La plateforme repose sur un consortium. Pourquoi ce choix, et en quoi est-ce important pour sa crédibilité ?
La création d’un consortium vise d’abord à limiter les biais. Si une seule entreprise pilote un projet de ce type, il y a un risque que la méthodologie reflète uniquement sa propre vision. Ici, chaque acteur – EDRAM, Mirova, et d’autres – vient avec sa sensibilité. Cela permet d’élaborer une méthode qui reflète la diversité du marché.
Il y a aussi un enjeu financier : ce type de développement coûte cher. Et ce sont généralement les investisseurs institutionnels qui ont la capacité de soutenir de tels projets. On a volontairement limité l’implication d’industriels, car eux aussi pourraient introduire des biais liés à leurs technologies.

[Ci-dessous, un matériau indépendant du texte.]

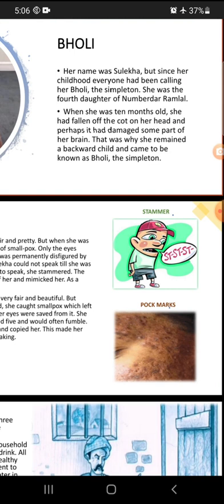She was the fourth daughter of Numberdar Ramlal. Numberdar Ramlal was her father, and she was the fourth daughter. When she was 10 months old, she had fallen off the cot on her head, and perhaps it had damaged some part of her brain.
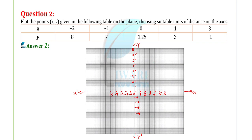Next is question 2: plot the point (x, y) given in the following table on the Cartesian plane, choosing suitable units of distance on the axes. The Cartesian plane is shown here. The x-axis is x-o-x, O is the origin, and the other coordinate axis is y-o-y-dash. The coordinates of the origin are (0, 0).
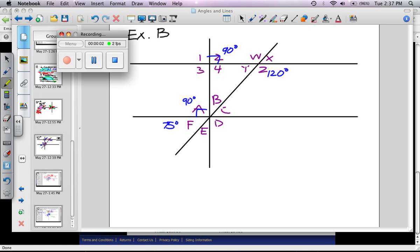In example B, we have a crazy situation. There are 14 angles up here. Now out of the 14, 4 of them we know, and they're actual measures. So that's what I wrote in blue.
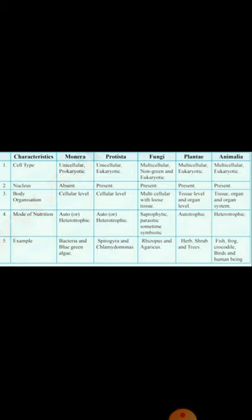Body organization: Monera — cellular level; Protista — cellular level; Fungi — multicellular with loose tissue; Plantae — tissue level and organ level; Animalia — tissue, organ and organ system level. Mode of nutrition: Monera — autotrophic or heterotrophic; Protista — autotrophic or heterotrophic; Fungi — saprophytic, parasitic, sometimes symbiotic; Plantae — autotrophic; Animalia — heterotrophic.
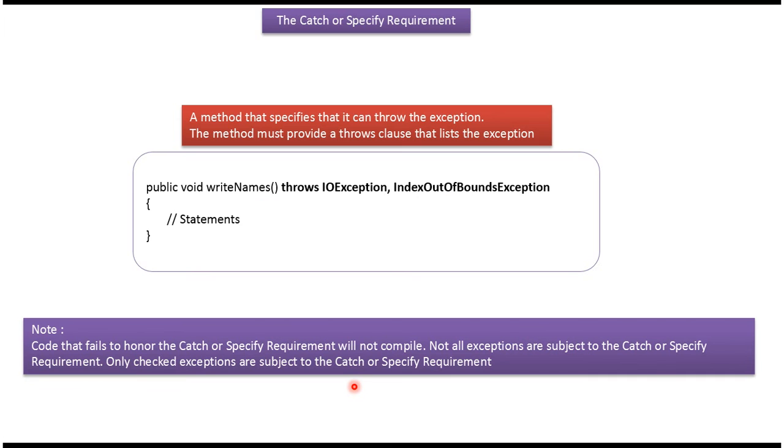Code that fails to honor the catch or specify requirement will not compile. Not all exceptions are subject to the catch or specify requirement. Only checked exceptions are subject to the catch or specify requirement.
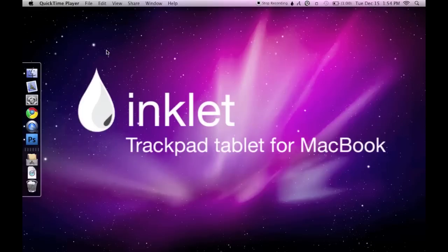Inklet is a handy application that makes your trackpad act like a pen tablet. Today, I will be using Inklet with Photoshop.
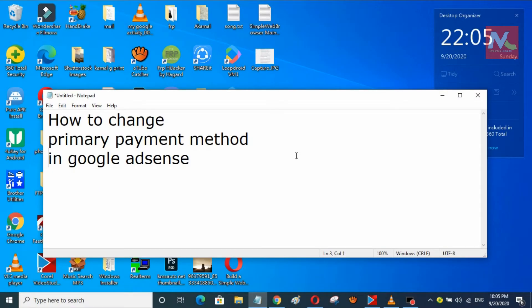Hello friends, I am Prajan Rai and you are watching Mission Top Computer. In this video, I am going to show you how to change the primary payment method in a Google AdSense account.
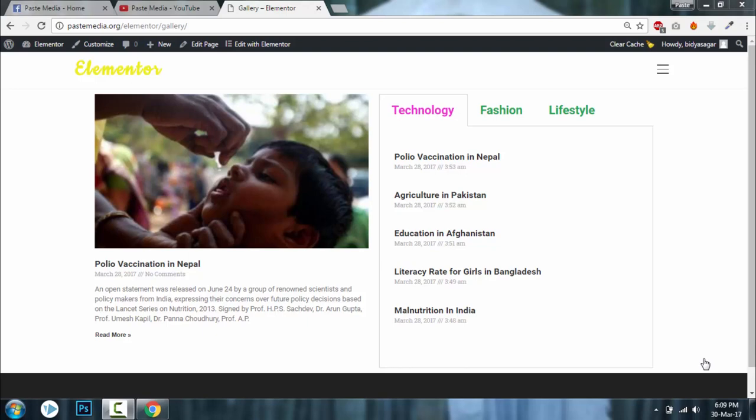Hi, this is Desar Salam from Pace Media with another video on Elementor. This video is about using tabs to display your posts or articles. This is very useful for blog, magazine, or newspaper websites.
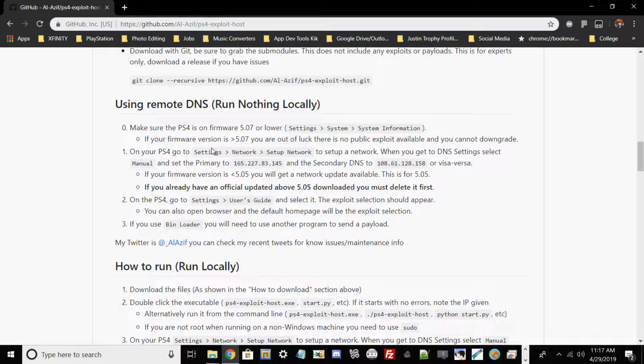As I like to state in my tutorials, all you would need for this process is Wi-Fi connection for the initial setup, and also what you'll need is a modded PlayStation 4.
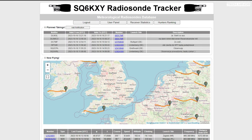Hi and welcome back to another TechMinds video. I recently came across a neat little solution to tracking weather balloons — not only tracking their location, but making it super easy to go and retrieve one that's burst and fallen to the ground.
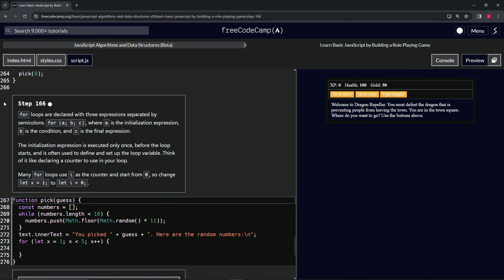All right, so for loops are declared with three expressions separated by semicolons. So we've got something like this: for with a as the first expression separated by a semicolon, between b, and then another semicolon in the c expression, where a is the initialization expression, b is the condition, and c is the final expression.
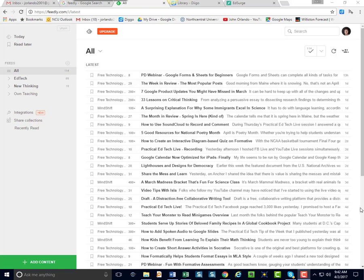Hi, I'm John Orlando, and I'm going to show you a great way of organizing all the websites that you follow called Feedly. Feedly is a free, online, cloud-based software system, though like all systems, it has upgrade features you can pay for.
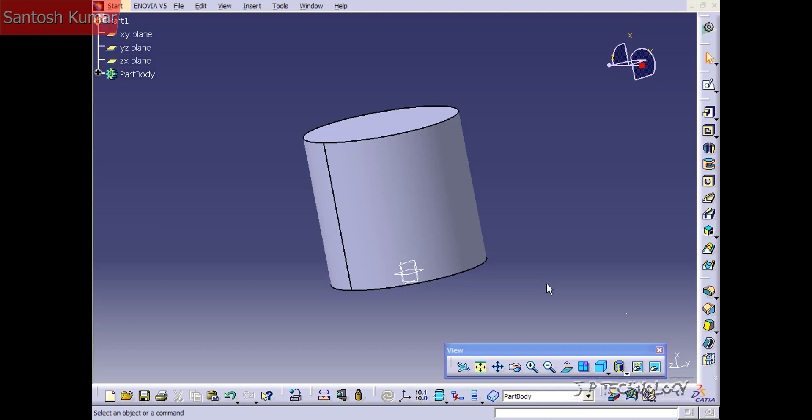This is tutorial number 46 and it covers how to use the groove feature within Catia V5. To start off, open up tutorial part number 46 which is located on the DVD.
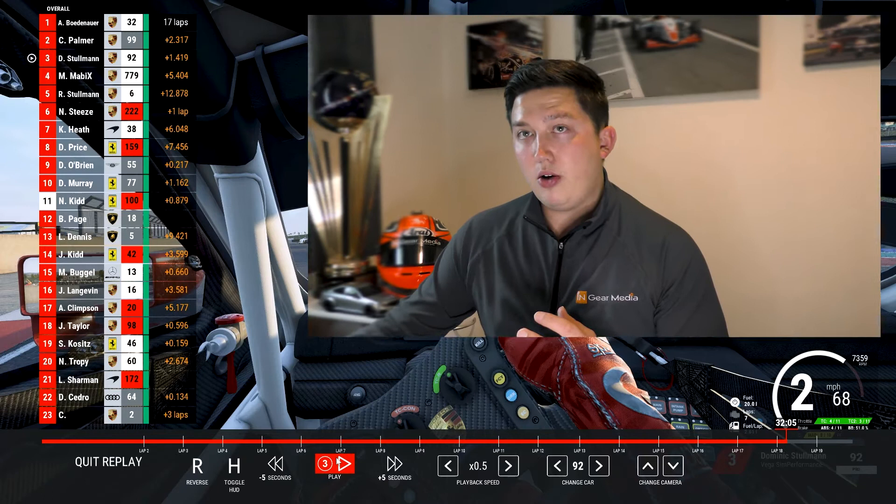Now we've looked at understeer and oversteer, let's look at one of the solutions for managing them on track — balanced throttle. It's useful when your setup isn't quite right or when tires are getting hot or cold at one end of the car. Balanced throttle is a good way to keep the car level, particularly for fast flowing corners. I've got a clip here from our own Dom Stalman at Kyalami from one of our past races, going through Sunset Bend — a really long downhill right-hand corner where the car can easily spin out.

Enfin, notre objectif est que cette plateforme devienne un standard partagé. Aujourd’hui, on peut soumettre un même projet à deux cabinets d’analyse et obtenir deux résultats différents. Avec les réglementations comme la taxonomie européenne ou la SFDR, cela n’est plus acceptable. Cette plateforme permettra, à terme, d’obtenir une donnée unique, fiable et commune pour tous les acteurs.